46. In my opinion it is reasonably arguable that the Commonwealth has an obligation under the Treaty to ensure that the traditional activities of traditional inhabitants in the Torres Strait which are protected by the Treaty are taken into account to the extent that it is proper to do so in the native title determination process. This may extend to the provision of evidence relevant to the existence of limitations on the applicants’ native title rights and interests by reference to their traditional acceptance of concurrent use of some of the land and waters within the claim area. The extent to which that obligation is limited by the Exchange of Notes was not debated on the motion before the Court.
47. The question whether a PNG village whose members are not treated as traditional inhabitants by the executive governments of PNG and Australia for the purposes of the Treaty should be so treated for the purpose of these proceedings, is a matter for those executive governments. These proceedings should not be used as a vehicle for advancing the case of particular PNG villages in that respect.
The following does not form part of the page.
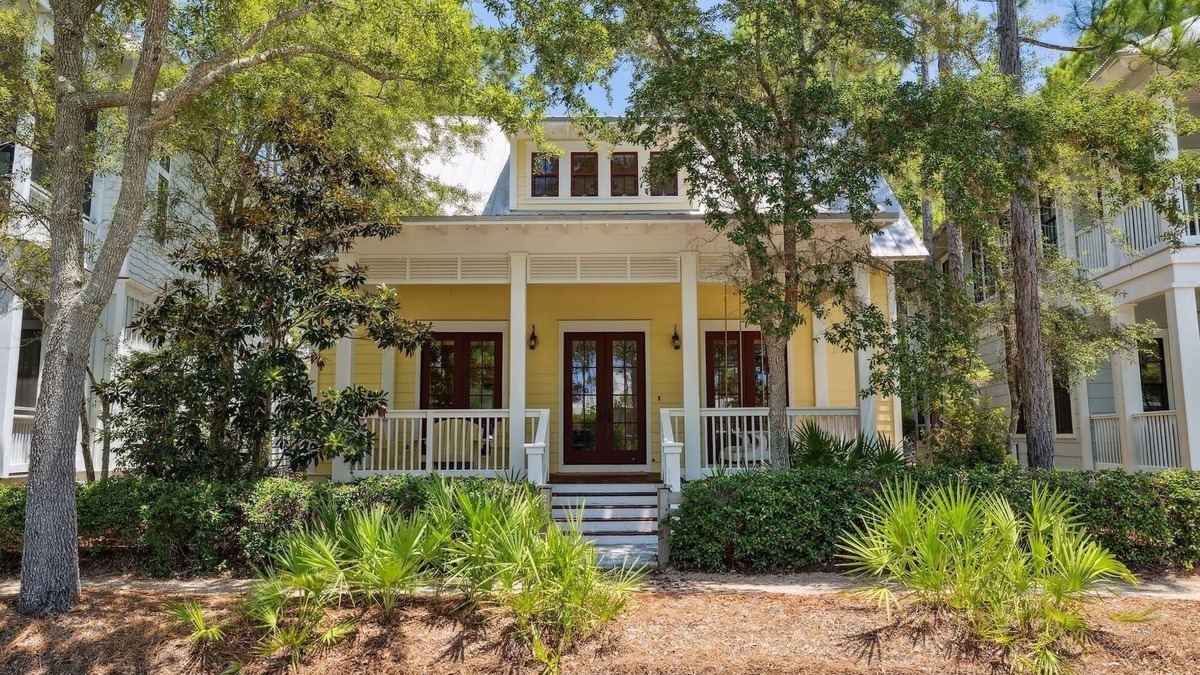 Watercolor House | New Listing! Home in WaterColor! Access to Amenities! 3 Adult Bikes!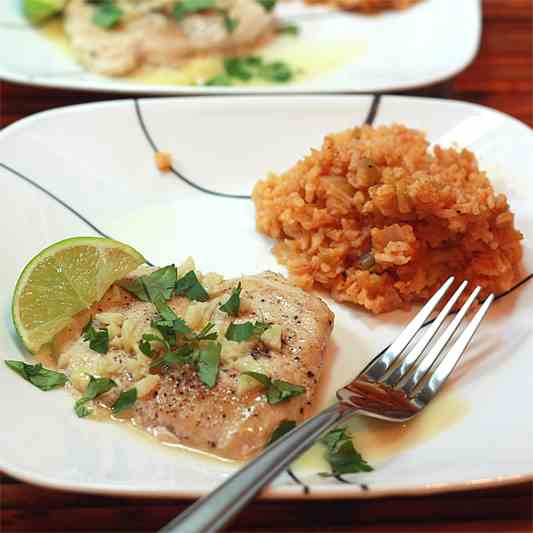 Pollo con Mojo de Ajo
It may be that a PNG group dissatisfied with its government’s failure to recognise its members as traditional inhabitants for the purposes of the Treaty could bring declaratory proceedings in the National Court of PNG.
48. There is a risk, in my opinion, that the joinder of Mr Gamogab will bring to bear on these proceedings debates between village communities in PNG about their respective interests in the Torres Region Seas Claim area. These are matters best left to the Courts of PNG or to its executive government to resolve by agreement with the Australian government under the Treaty. As a matter of discretion I consider that the joinder of Mr Gamogab, notwithstanding his claimed interest, is undesirable. I consider that attention should also be given to the position of other PNG nationals who have been joined as parties.
49. I do not exclude the possibility that any native title determination which is made pursuant to the Torres Strait Regional Seas Claim will be expressed to be subject to the traditional rights and interests of PNG nationals. It is to be hoped that so much could be made a matter of agreement if the positions of the parties allow. The question then of which PNG nationals would be entitled to exercise those traditional rights and interests could be worked out on a case by case basis in the event of a dispute if one arose. It may be, for example, that the applicants would be able to agree that villages recognised as Treaty villages pursuant to the Exchange of Notes made in 2000, could be identified as members of the classes of person entitled to carry out traditional activities in part of the claim area. The list of such communities need not be exhaustive for the purposes of the determination and need not exclude the possibility that other groups might be included.
50. In my opinion Mr Gamogab’s motion should be dismissed. There will be no order for the costs of the motion.